Hybrid K-means clustering using hierarchical clustering to define cluster-centers

hybrid.kmeans(x, k = 2, hmethod = "ward.D", stat = mean, ...)

Arguments

x	A data.frame or matrix with data to be clustered
k	Number of clusters
hmethod	The agglomeration method used in hclust
stat	The statistic to aggregate class centers (mean or median)
...	Additional arguments passed to `kmeans`

Value

returns an object of class "kmeans" which has a print and a fitted method

Details

This method uses hierarchical clustering to define the cluster-centers in the K-means clustering algorithm. This mitigates some of the know convergence issues in K-means.

Note

options for hmethod are: "ward.D", "ward.D2", "single", "complete", "average", mcquitty", "median", "centroid"

References

Singh, H., & K. Kaur (2013) New Method for Finding Initial Cluster Centroids in K-means Algorithm. International Journal of Computer Application. 74(6):27-30

Ward, J.H., (1963) Hierarchical grouping to optimize an objective function.
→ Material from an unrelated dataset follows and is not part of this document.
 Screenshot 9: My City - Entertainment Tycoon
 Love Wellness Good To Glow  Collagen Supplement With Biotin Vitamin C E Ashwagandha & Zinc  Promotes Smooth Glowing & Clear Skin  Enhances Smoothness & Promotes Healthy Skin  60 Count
Journal of the American Statistical Association. 58:236-24

Author

Jeffrey S. Evans <jeffrey_evans@tnc.org>

Examples

x <- rbind(matrix(rnorm(100, sd = 0.3), ncol = 2),
           matrix(rnorm(100, mean = 1, sd = 0.3), ncol = 2))

# Compare k-means to hybrid k-means with k=4       
km <- kmeans(x, 4)       
hkm <- hybrid.kmeans(x,k=4)       

opar <- par(no.readonly=TRUE)
par(mfrow=c(1,2))
  plot(x[,1],x[,2], col=km$cluster,pch=19, main="K-means")
  plot(x[,1],x[,2], col=hkm$cluster,pch=19, main="Hybrid K-means")
par(opar)